#### DATASET EXCERPTS
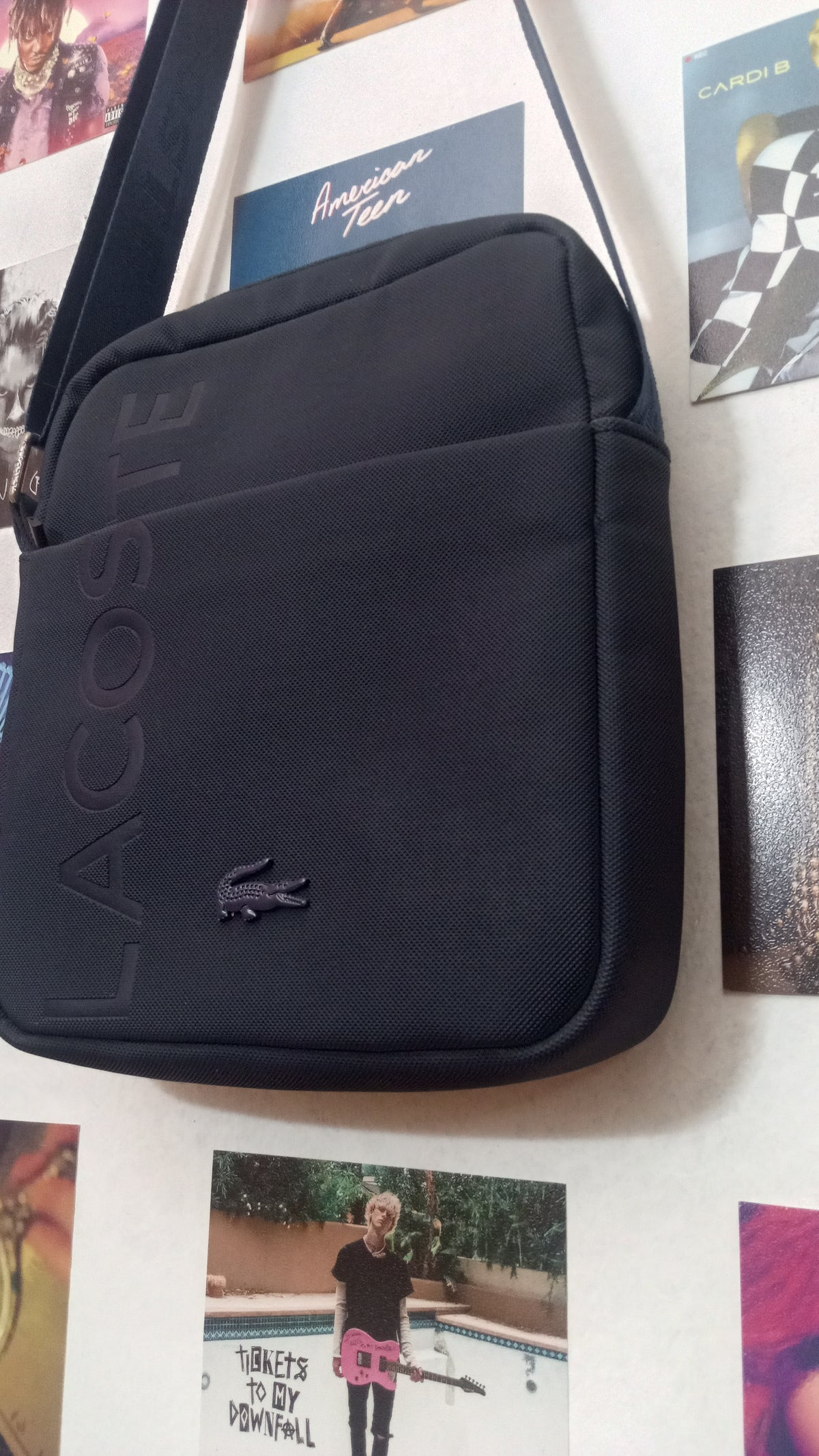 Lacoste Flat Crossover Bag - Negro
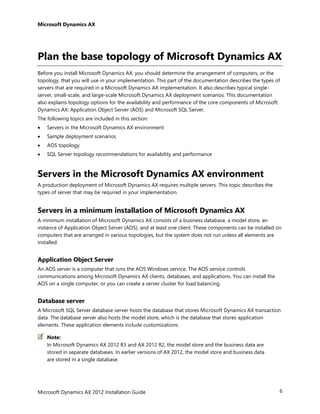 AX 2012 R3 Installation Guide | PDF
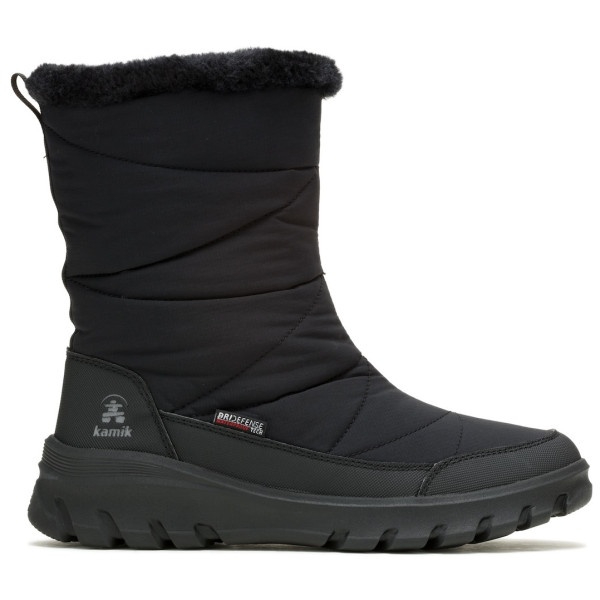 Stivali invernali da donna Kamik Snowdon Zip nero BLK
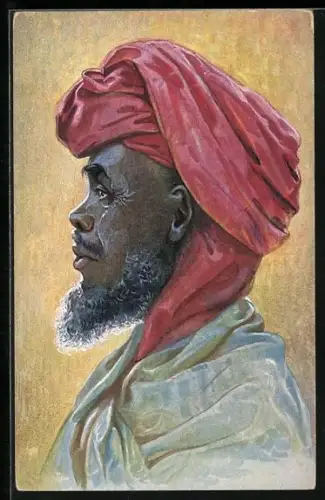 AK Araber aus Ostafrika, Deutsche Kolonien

...

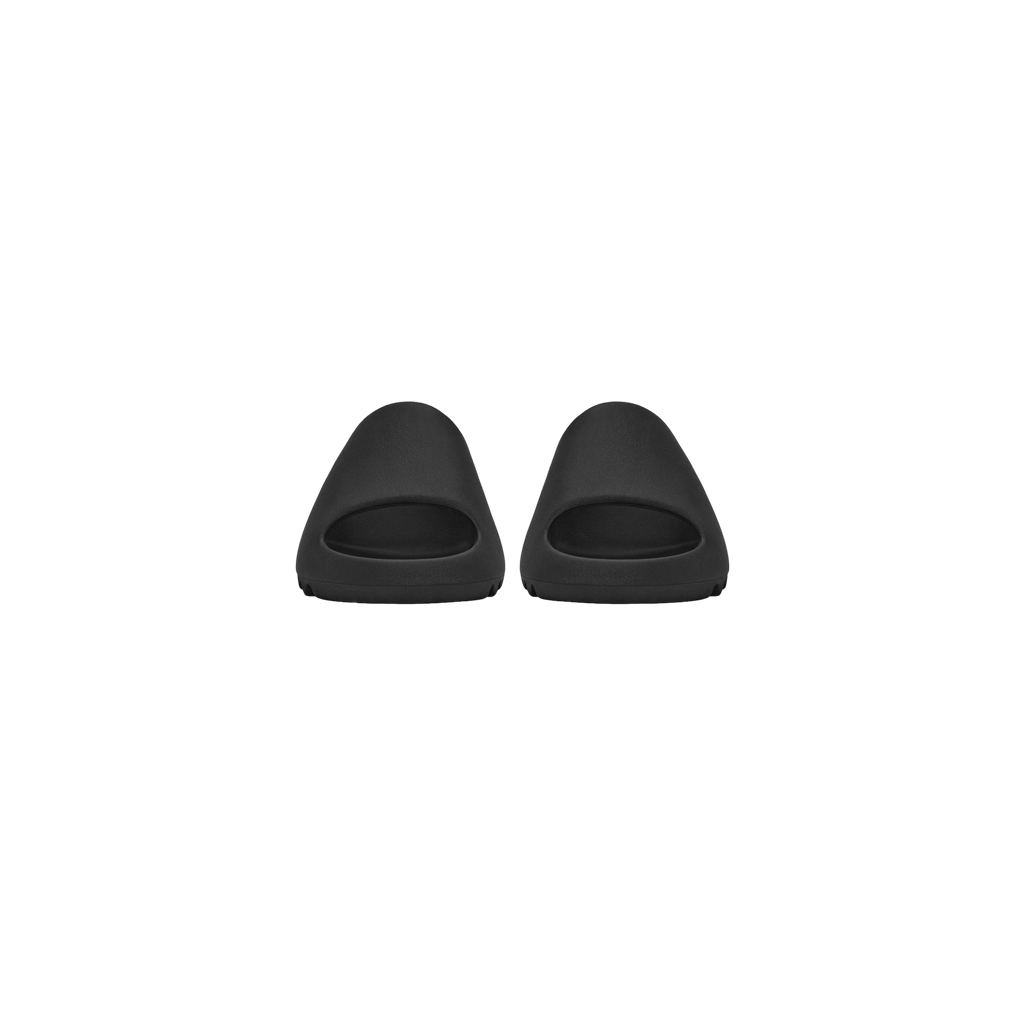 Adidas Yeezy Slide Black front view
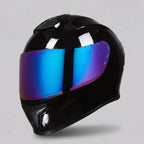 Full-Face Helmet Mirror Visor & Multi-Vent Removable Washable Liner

#### WORK TO BE COMPLETED
Output exactly, and only, the lines of the entries above from the one with "Lacoste Flat Crossover Bag - Negro" up to and including the one with "AK Araber aus Ostafrika, Deutsche Kolonien"; pictures are to be left out.

#### TASK OUTPUT
 Lacoste Flat Crossover Bag - Negro
 AX 2012 R3 Installation Guide | PDF
 Stivali invernali da donna Kamik Snowdon Zip nero BLK
 AK Araber aus Ostafrika, Deutsche Kolonien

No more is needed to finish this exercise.